Tuesday, July 31, 2012

Summer Milestones....

We finished up our two week daily morning trek to the pool on Friday.  Swimming lessons are wrapped up for another season.  Sis was super excited to go down the big slides and was anxiously deciding if she should jump off the diving board or not.  Sure, she wanted to, but sometimes fear can get the best of her.
All the kids paraded over to the diving board and lined up.  Some kids with no fear, ready to cannon ball, some a little apprehensive, some excited.  None of them knowing how their parents hearts would swell on the sidelines with pride and a bit of sadness as our babies are growing up, changing into little people who take risks, feel pride in themselves for moving past the fear.
Here she goes....
SPLASH!
She was bursting with pride, ready to get in line to go again.
I was choking back tears.  These little accomplishments aren't little at all to an almost seven year old.  Heck, I'm going to be 41 in a few weeks and I get it!  I know what this feels like!  It's amazing.  It's what strengthens you, it's that little kernel deep inside yourself that carries you through the low points in life.  

It's what I hope to fill her soul up with as a parent.  To be the best YOU can be and not to follow the silly crowd when it doesn't feel right.  Which is exactly what I told her to regarding her decision to jump or not.  To do what she felt was right for HERSELF.  I'm tossing the rope out a little further each time.  It feels good.  It feels like milestones in the making.
Second jump is a beauty.....
Waiting and watching....
Maybe next year Evan will decide to move past whatever was bugging him....
He made no sense to me at all.  He's been to water parks and gone down huge slides, he's jumped off the side of the pool with a life jacket on, he'll go under the water, blow bubbles, doesn't care if his face gets wet.  He loves the pool and the beach.  Yet he wouldn't go in shallow water and get a little instruction.  He went in one day and after all the tears, screaming and battling of wills, I gave up.  I just didn't have the fight in me for two long weeks.  So the last few days we didn't even pretend he was going in the pool and he just wore clothes!  

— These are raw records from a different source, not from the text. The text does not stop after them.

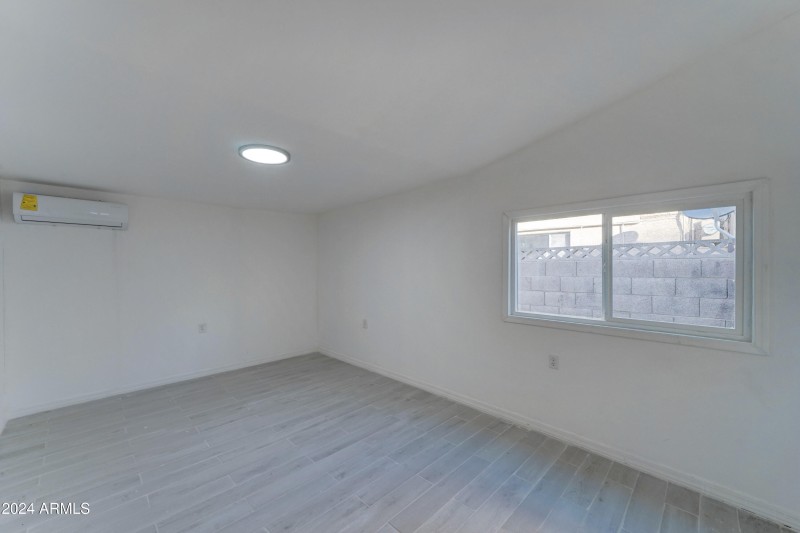 4522 N 14th Ave-28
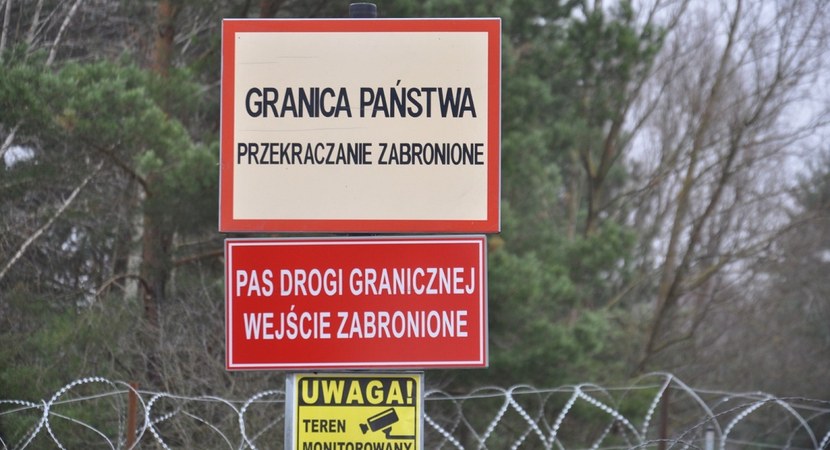 Zdjęcie przedstawia tablice z napisami "Granica państwa, przekraczanie zabronione", "Pas drogi granicznej wejście zabronione" oraz "Uwaga teren monitorowany".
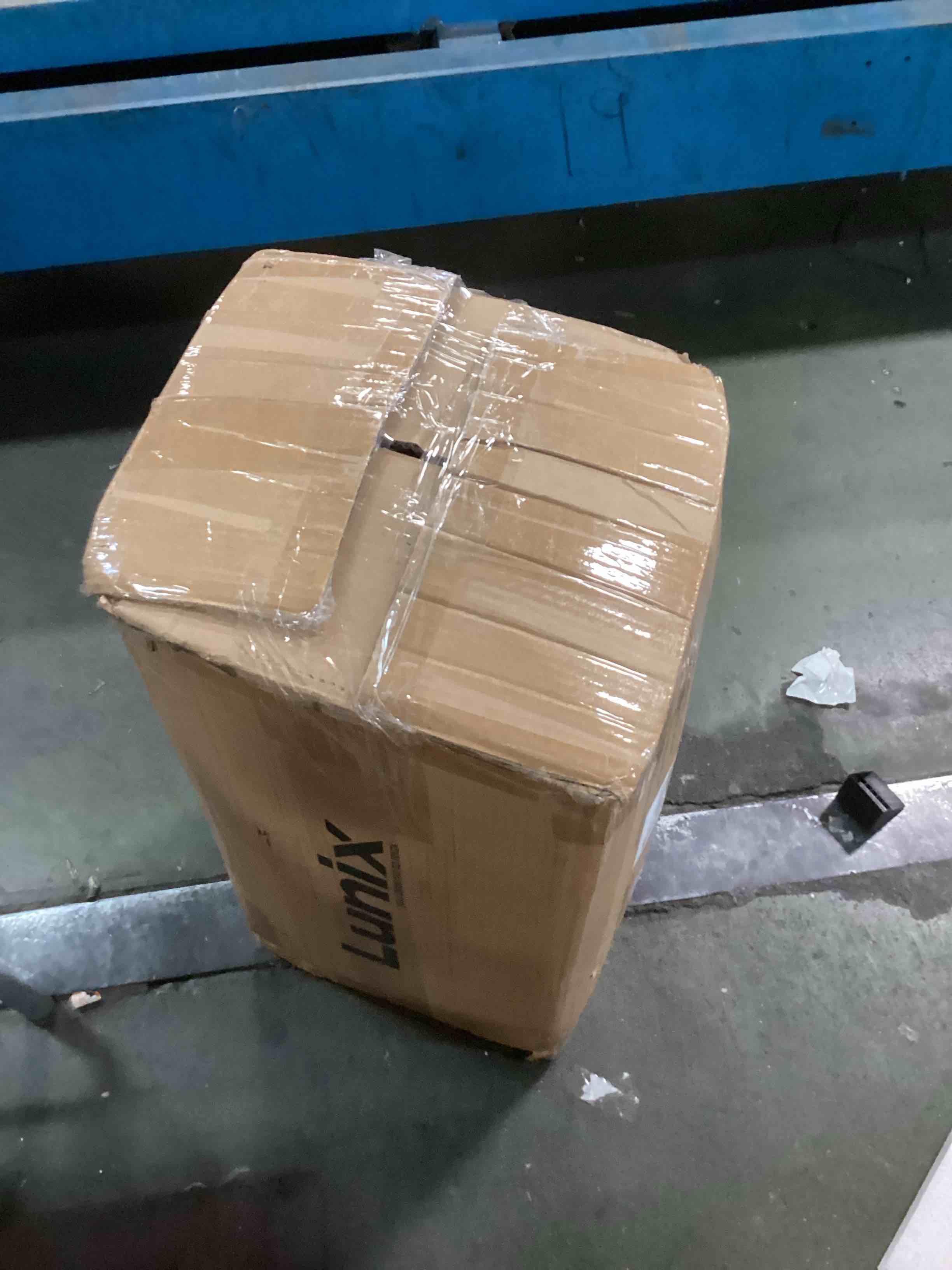 https://s3.amazonaws.com/lotting-images-prod/bidfta/BRN1665265_1736259782498.jpeg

I have a sense this is just the beginning of what I am up against as a parent.  This was some sort of teaching tool in the classroom of life that I will draw upon when I parent teens.  Lord help me!
That's sis shooting out from the big slide!
She can dive down to pick up rings, she can tread water in the deep end, she has more confidence.  And following my two rules of what makes you successful in life: being a good reader and having self-confidence...I'd say she's well on her way!